- _Exercise aim_
Look through the data below for the line with "アナタそれヅラですね⁉️" and the line with "Chloé Lumineuse Eau", then output those two and all lines in between, exactly as written.

- _Records for this task_

Content starts

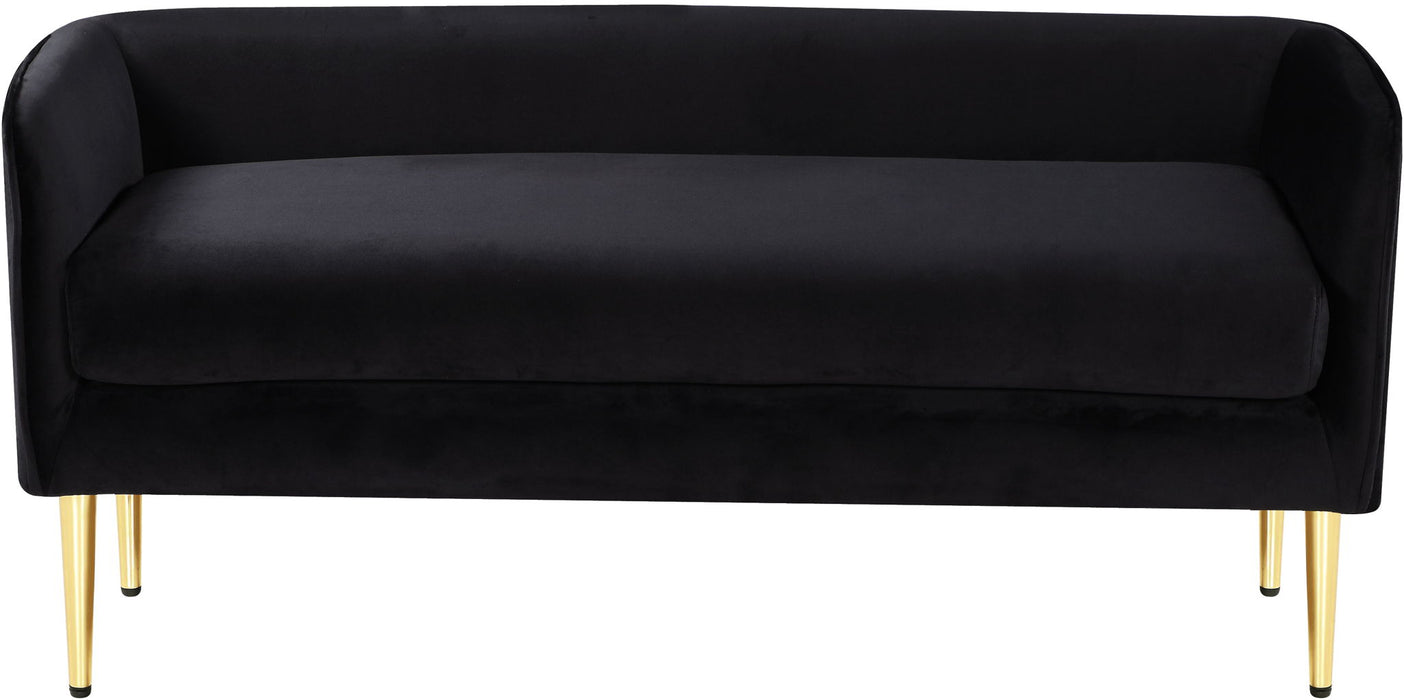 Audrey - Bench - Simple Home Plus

Content ends
Content starts

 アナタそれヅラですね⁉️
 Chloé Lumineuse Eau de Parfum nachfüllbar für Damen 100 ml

Content ends
Content starts

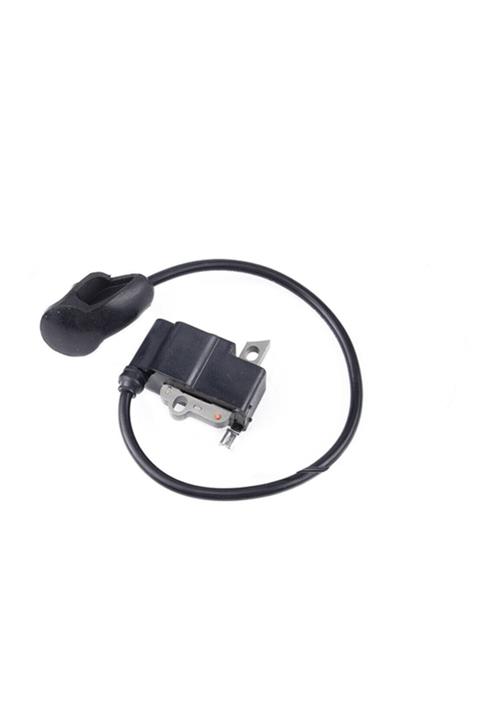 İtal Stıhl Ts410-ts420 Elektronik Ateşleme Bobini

Content ends

- _Result_
 アナタそれヅラですね⁉️
 Chloé Lumineuse Eau de Parfum nachfüllbar für Damen 100 ml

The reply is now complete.